Prescription drug spending growth fuelled by costly new drugs

Prescription drug spending in Canada reached an estimated $28.8 billion last year, driven by new biologics that can cost hundreds of thousands of dollars per patient.

Thursday's report from the Canadian Institute of Health Information (CIHI) focuses on public sector spending on prescribed drugs in 2014.

Total prescription drug spending is expected to have reached $28.8 billion in 2014, up 0.9 per cent from the year before. The institute called it the lowest annual growth rate since spending was first tracked in 1975.

CIHI attributed the savings to patents expiring, lower-cost generics and generic pricing policies by provinces and territories. But it also pointed to increases in spending on drugs such as biologics.

"Savings from generics between 2008 and 2013 were largely offset by increased spending on other drug classes," according to the report.

Public drug program spending on one class of biologics known as anti-TNF drugs, used to treat rheumatoid arthritis and Crohn's disease, increased by $233.8 million over the five years.

In the 1990s, spending $1,000 per patient per year was considered expensive, said Steve Morgan, a professor of health policy at the University of British Columbia School of Population and Public Health.

That figure has climbed, starting with the introduction of treatments for HIV and AIDS, which cost $10,000 per patient a year.

"Now it's not 1,000 or 10,000 that's considered expensive.

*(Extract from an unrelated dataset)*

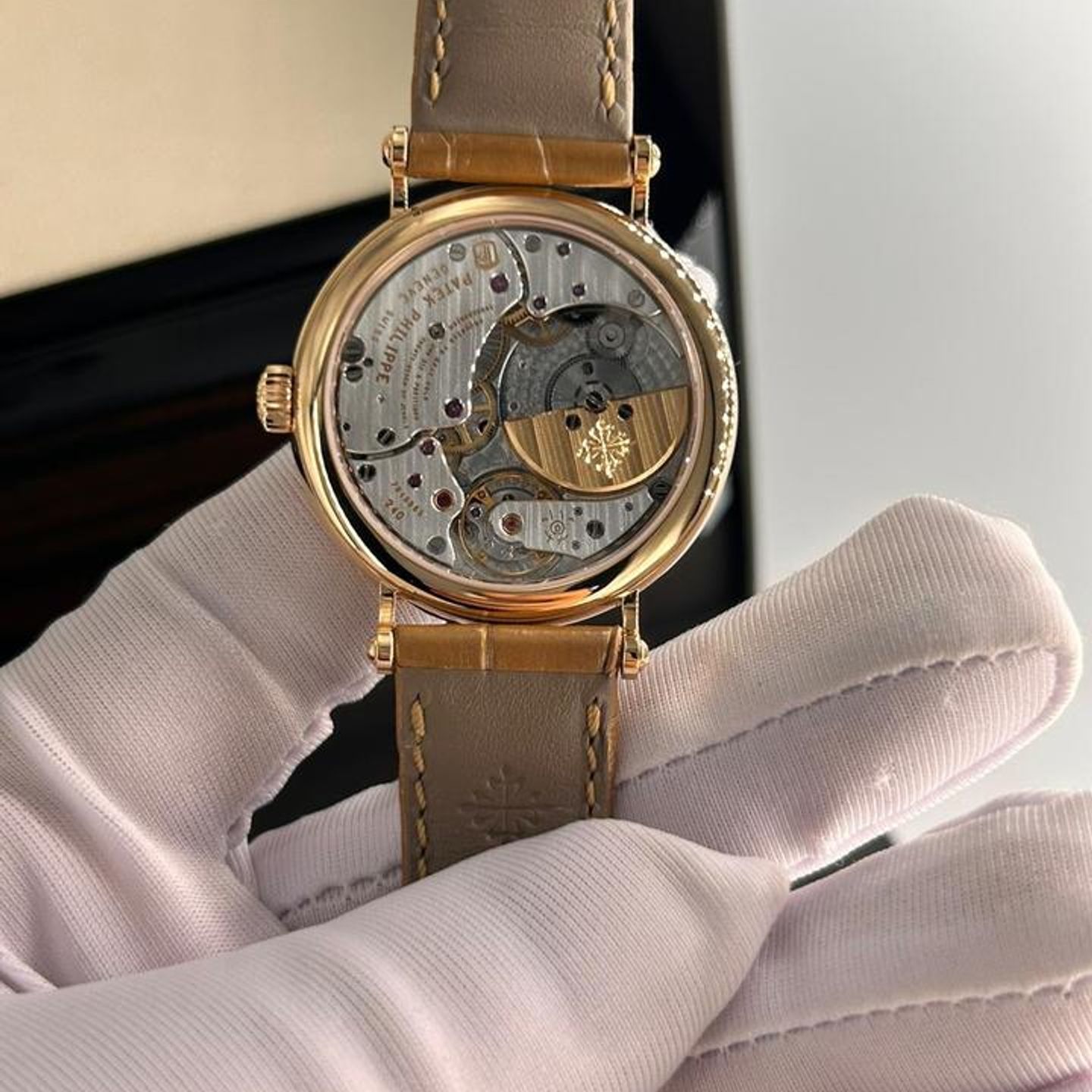 Patek Philippe Calatrava 7200R-001 (2025) - 35mm Roségoud (9/9)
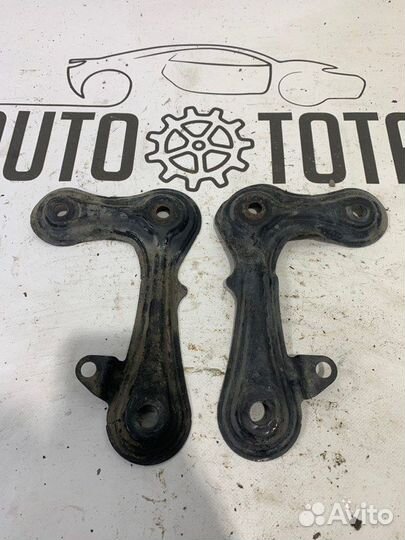 Кронштейн подрамника Toyota Corolla 150 1ZR 2006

It's tens of thousands of dollars per patient treated is starting to be considered expensive … Many new products coming to market are priced in tens, if not in fact hundreds of thousands of dollars per patient treated. The challenge in this new era is going to be setting fair and reasonable limits on what should be charged," Morgan said.

Biologics are large molecules manufactured inside animal cells or bacteria. Since the manufacturing process uses cell lines, very small changes can results in substantial changes to the end product, which demands extra vigilance from regulators over manufacturing, Morgan said.

Traditional generics can be discounted up to 90 per cent compared with the branded version. Given the complexity of biologics, when their patents expire, the discounts are often about 15 per cent, he said.